Module 13: Texts¶
We'll use spaCy and wordcloud to play with text data. spaCy is probably the best python package for analyzing text data. It's capable and super fast. Let's install them.
pip install wordcloud spacy
To use spaCy, you also need to download models. Run:
python -m spacy download en
SpaCy basics¶
import spacy
import wordcloud
nlp = spacy.load('en_core_web_sm')
Usually the first step of text analysis is tokenization, which is the process of breaking a document into "tokens". You can roughly think of it as extracting each word.

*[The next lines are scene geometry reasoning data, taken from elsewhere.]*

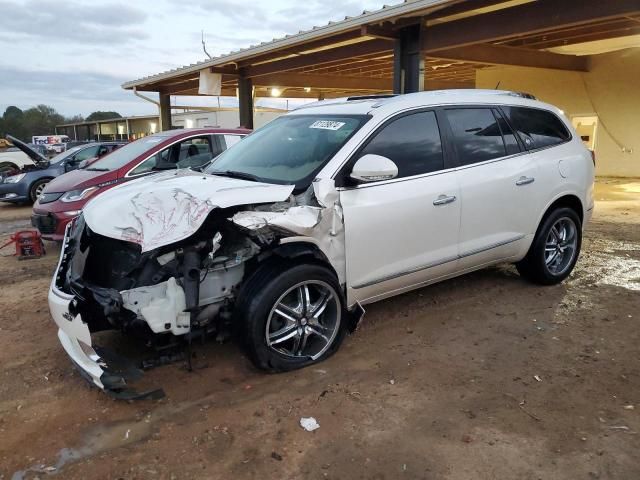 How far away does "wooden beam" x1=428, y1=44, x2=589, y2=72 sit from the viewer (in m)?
11.4

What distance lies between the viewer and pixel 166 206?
10.7 feet

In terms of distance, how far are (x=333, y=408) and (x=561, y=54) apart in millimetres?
14813

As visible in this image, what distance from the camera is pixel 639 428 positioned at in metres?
2.88

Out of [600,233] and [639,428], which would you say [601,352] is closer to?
[639,428]

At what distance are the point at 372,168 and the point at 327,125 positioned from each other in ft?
2.50

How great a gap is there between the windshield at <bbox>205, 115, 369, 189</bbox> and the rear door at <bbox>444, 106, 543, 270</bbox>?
3.27ft

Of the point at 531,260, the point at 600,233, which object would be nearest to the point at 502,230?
the point at 531,260

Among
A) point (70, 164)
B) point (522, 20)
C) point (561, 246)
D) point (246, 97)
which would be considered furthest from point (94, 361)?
point (246, 97)

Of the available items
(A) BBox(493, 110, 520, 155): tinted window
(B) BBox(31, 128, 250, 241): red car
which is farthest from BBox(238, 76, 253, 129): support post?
(A) BBox(493, 110, 520, 155): tinted window

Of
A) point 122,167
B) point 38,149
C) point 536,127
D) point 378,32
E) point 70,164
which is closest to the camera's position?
point 536,127

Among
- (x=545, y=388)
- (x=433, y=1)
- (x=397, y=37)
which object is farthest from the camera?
(x=397, y=37)

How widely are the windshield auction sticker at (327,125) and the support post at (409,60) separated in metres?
5.86

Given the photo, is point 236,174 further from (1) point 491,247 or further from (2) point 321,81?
(2) point 321,81

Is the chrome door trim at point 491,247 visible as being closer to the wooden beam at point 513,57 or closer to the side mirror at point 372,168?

doc = nlp(u'Apple is looking at buying U.K. startup for $1 billion')
for token in doc:
print(token)
Apple is looking at buying U.K. startup for $ 1 billion
As you can see, it's not exactly same as doc.split(). You'd want to have $ as a separate token because it has a particular meaning (USD). Actually, as shown in an example (https://spacy.io/usage/spacy-101#annotations-pos-deps), spaCy figures out a lot of things about these tokens. For instance,
for token in doc:
print(token.text, token.lemma_, token.pos_, token.tag_)
Apple apple PROPN NNP is be VERB VBZ looking look VERB VBG at at ADP IN buying buy VERB VBG U.K. u.k. PROPN NNP startup startup NOUN NN for for ADP IN $ $ SYM $ 1 1 NUM CD billion billion NUM CD
It figured it out that Apple is a proper noun ("PROPN" and "NNP"; see here for the part of speech tags).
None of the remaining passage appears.